Бóльшая часть его приближенных поддерживали в нем мысль, что помазаннику Божию незачем советоваться со своими подданными, чтобы узнать, что им лучше всего подходит. Как-то раз Вел. кн. Николай Николаевич задал Витте вопрос, считает ли он государя человеком или чем-то иным.
«Я ответил: „… Хотя он самодержавный государь, Богом или природою нам данный, но все-таки человек со всеми людям свойственными особенностями“. На это Великий князь мне ответил: „Видите ли, а я не считаю государя человеком, он не человек и не Бог, а нечто среднее…“»[69] Эту ультрамонархическую теорию развивал в своей крайне реакционной газете «Гражданин» новый наперсник Николая – князь Владимир Мещерский. Этот вельможа сомнительной нравственности, окруженный женственными молодыми людьми, покорил Николая своею верностью короне. По собственному признанию государя, уже сами разговоры с этим прихлебателем просвещали и утешали его. «Само ваше появление, – писал он Мещерскому, – разом воскресило и укрепило во мне заветы (т. е. идеи, воспринятые от отца. – Прим. авт.). Я почувствовал, что вырос в собственных глазах… Удивительным инстинктом вам удалось проникнуть в мою душу». Не обладая какой-либо определенной должностью при дворе, Мещерский оказывал влияние на решения императора, совал свой нос в редактирование официальных актов, высказывал свое мнение по поводу выбора министров. Но не ему суждено было стать источником самых глубоких, самых потаенных вдохновений государя. Его истинною тайною советчицей стала его благоверная, Александра Федоровна, несравненная Аликс, всегда готовая утешать его, советовать, помогать. У него была слепая вера в нее. Их взаимная любовь с годами только возрастала. С момента, когда он воссоединялся с нею в интимном семейном кругу, он чувствовал себя в тихой бухте, он расслаблялся, дышал свободно, как если бы с ним не могло произойти ничего тяжкого, пока он у нее под крылом.

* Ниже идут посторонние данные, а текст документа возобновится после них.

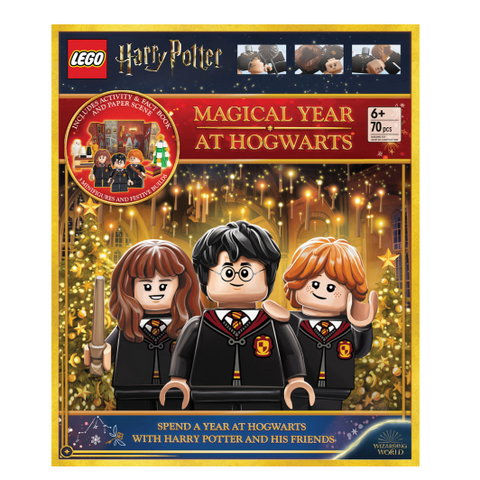 LEGO Harry Potter set packaging with characters and festive design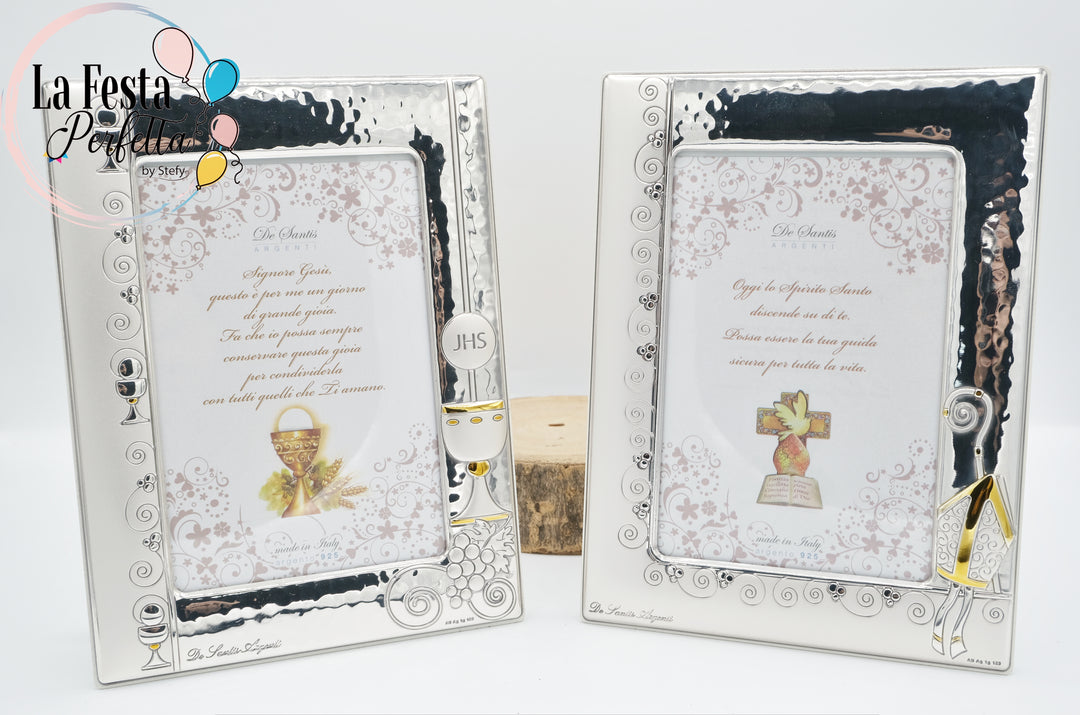 Cornice in Argento 925 Con Certificato di Garanzia Simbolo Comunione o Cresima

Да и царица испытывала истинное счастье только подле мужа и детей. Она еще больше, чем царь, испытывала отвращение к свету. Если во время приемов при дворе Николай умел очаровывать приглашенных своею простотой обхождения и легковесными разговорами, то страстная, неподатливая Александра чувствовала себя как на иголках в обществе, на которое смотрела косо. «Я не чувствую искренности ни в ком из тех, кто окружает моего супруга, – писала она своей подруге юных лет, фрейлине прусской княгини, графине Ранцау. – Никто не исполняет своего долга ради долга, а только ради личной корысти, ради возможности сделать карьеру. Страдаю и плачу целыми днями, чувствуя, что все извлекают выгоду из молодости и неопытности моего супруга». (Переведено с французского. – С.Л.)

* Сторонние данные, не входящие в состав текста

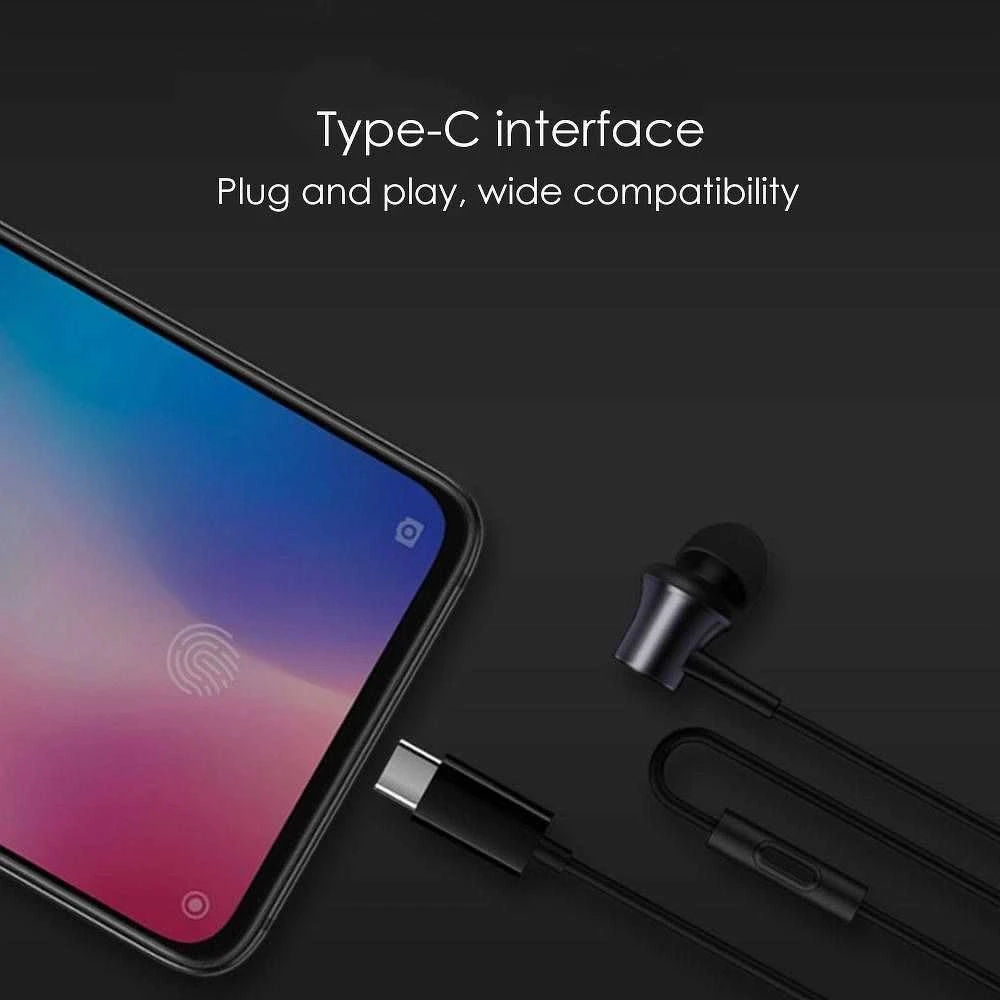 XIAOMI original wire earphone Typ C su mikrofonu HSEJ04WM juodos spalvos blister pakuotė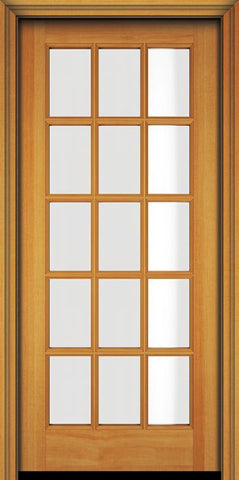 WDMA 30x80 Door (2ft6in by 6ft8in) Patio Fir 80in 15 Lite French Door Single Door 1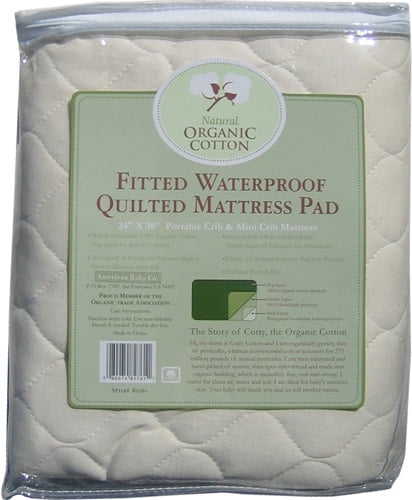 Natural Color American Baby Company Waterproof Quilted Bassinet Mattress Pad Cover Made with Organic Cotton 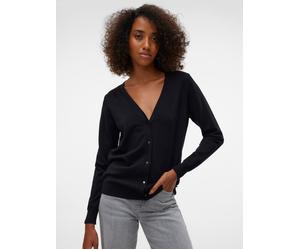 Strickjacke VERO MODA "VMSILJE LS V-NECK CARDIGAN GA NOOS", Damen, Gr. M, schwarz, Feinstrick, Obermaterial: 77% Viskose, 23% Polyester, unifarben, Basic, loose fit hüftbedeckend, V-Ausschnitt, Strick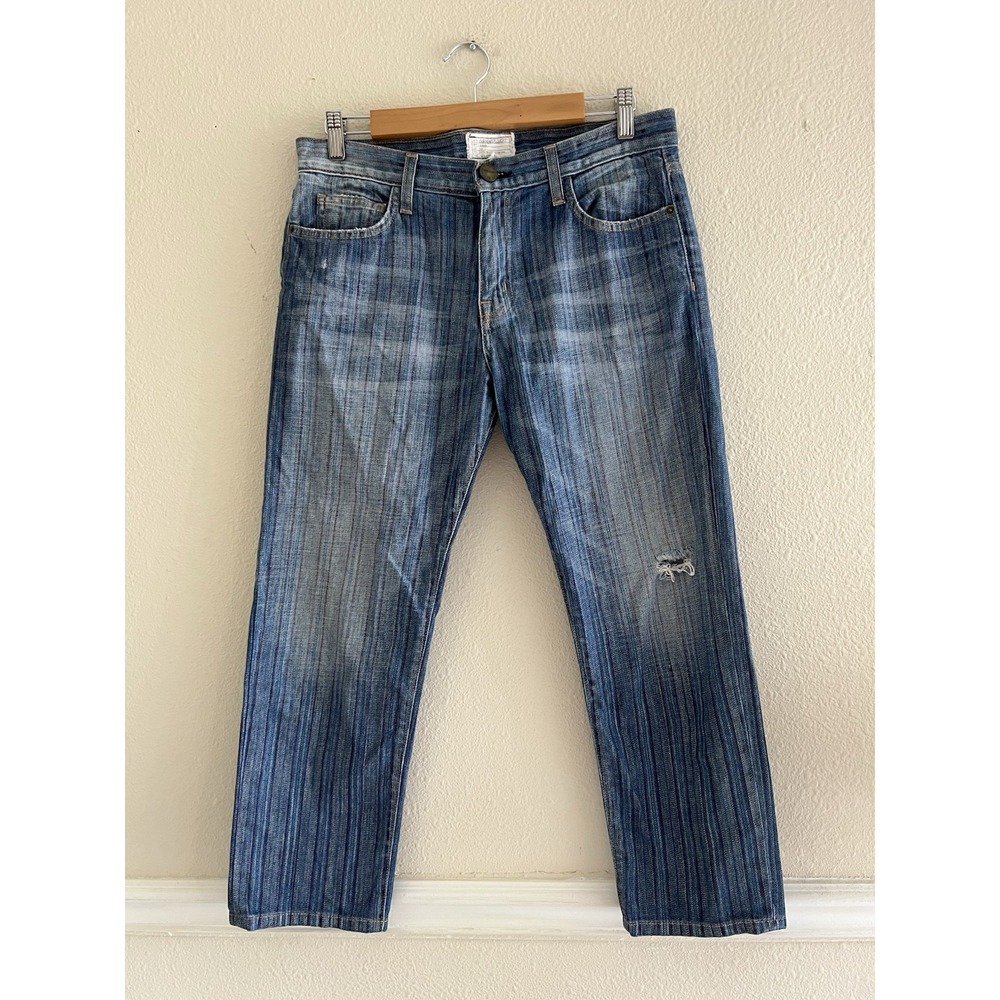 Current Elliott The Boyfriend Jeans Sz 27 Multi Stripe Cropped Denim Distressed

Выходя замуж за Николая, она хотела взять за себя всю Россию, сделаться более русскою, чем сам государь. Но, несмотря на свои усилия, она оставалась маленькой чужеземной принцессой, немкой по крови, англичанкой по образованию. Поздно выучив язык страны, которая стала ее второй родиной, она говорила по-русски с сильным акцентом и обращалась на этом языке только к священникам и к прислуге, но никогда не использовала в кругу близких. В то время, как Николай предпочитал общаться с детьми, матерью, министрами по-русски, она предпочитала общаться в семейном кругу по-английски, по-немецки, реже по-французски. Это не мешало ей иметь безапелляционные суждения о прошлом и будущем России. Не имея ни малейшего представления о национальных нравах, народной ментальности, течениях в мышлении, характерных для интеллектуальной среды, она сочинила для собственного личного удовольствия некую фольклорную Россию – колоритную, полную добрых чувств, с мужиками, наяривающими на балалайках, несущимися по снежной пороше тройками и толпами, простертыми ниц перед святыми образами. Слабо подготовленная для строгого этикета императорского двора, она бросила вызов своей стихийности, предпочитая сдержанность. Простая в интимной обстановке, она напускала на себя чопорность. Те же, кто находился вокруг нее, принимали за чопорность то, что было всего лишь стеснением и смущением. Ее натянутость, искусственность в отношениях с другими обескураживала даже тех, кто желал ей наилучшего. «У нее никогда ни для кого не было любезного слова, – вспоминала графиня Клейнмихель. – Это была ледяная статуя, которая распространяла вокруг себя холод». Ей вторит известная нам генеральша Богданович: «Царица становится все менее популярной. Она делается всем ненавистной». Сознавая это всеобщее озлобление и неспособная выглядеть любезной по отношению к людям, которых она презирала, Александра была уязвлена этим непониманием тем более, что симпатия окружающих к ее свекрови, Марии Федоровне, только постоянно возрастала. Именно она, вдова Александра III, приглашала ко двору фрейлин, дам, ведающих нарядами императриц и Великих княжон; она же заправляла Красным Крестом, учебными и благотворительными организациями, носившими ее имя; ее повсюду почитали, ей льстили. Ее поддержки искали, чтобы пробиться в свете.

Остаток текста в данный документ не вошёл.